Mostly that means your projects will appealmto people with the same tastes as
you.

Produce more, just means you get more practise.

------
ISeemToBeAVerb
This really is an interesting and faceted topic. There are certainly valid
arguments to be made both ways, but from a personal perspective, I've grown to
appreciate the idea of setting aggressive deadlines on creative work.

By nature, I've always been a perfectionist and tinkerer, and while there are
benefits to that mentality, there are also severe drawbacks. The inability to
start or finish projects being at the top of that list. I've found that
setting (and sticking to) aggressive deadlines provides me with a focus and
directive that I simply can't get from working any other way.
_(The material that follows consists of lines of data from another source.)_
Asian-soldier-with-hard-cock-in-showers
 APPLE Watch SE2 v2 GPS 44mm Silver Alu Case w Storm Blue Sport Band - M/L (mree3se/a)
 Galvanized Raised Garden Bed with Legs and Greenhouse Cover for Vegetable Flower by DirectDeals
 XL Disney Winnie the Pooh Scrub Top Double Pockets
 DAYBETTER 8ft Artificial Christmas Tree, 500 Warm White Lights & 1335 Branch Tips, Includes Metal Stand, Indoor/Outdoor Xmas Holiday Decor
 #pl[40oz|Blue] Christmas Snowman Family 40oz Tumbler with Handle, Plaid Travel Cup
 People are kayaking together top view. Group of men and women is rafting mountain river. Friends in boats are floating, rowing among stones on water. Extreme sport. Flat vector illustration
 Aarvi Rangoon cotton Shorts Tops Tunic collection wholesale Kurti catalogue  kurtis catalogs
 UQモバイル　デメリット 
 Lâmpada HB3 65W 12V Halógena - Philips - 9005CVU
There is a liberating feeling in the idea of not coveting any single project
or piece of work. This sounds counter-intuitive, but when you see each piece
of work as a result of whatever constraints you're working within, rather than
a cherished opus that will define your life for years to come, it releases a
lot of pressure and allows you to focus. I think it's safe to say that a lot
of artists wouldn't be where they are were it not for their willingness to
experiment often and fail often.

------
josscrowcroft
I'm sure it's riveting stuff, but sadly I stop reading anything in which 6 of
the opening 8 paragraphs are just really long rhetorical questions.

------
chiaro
An interesting point was made comparing the proliferation of the Beatles vs
contemporary musicians, and suggesting that this is why (more artists
producing less) past the 90's we've become increasingly culturally ambiguous.

Of course, there's also the view that we're still too close to the 00's to
properly realize what identified it.

------
wellpast
Soderbergh's recent films have been utter phone-ins.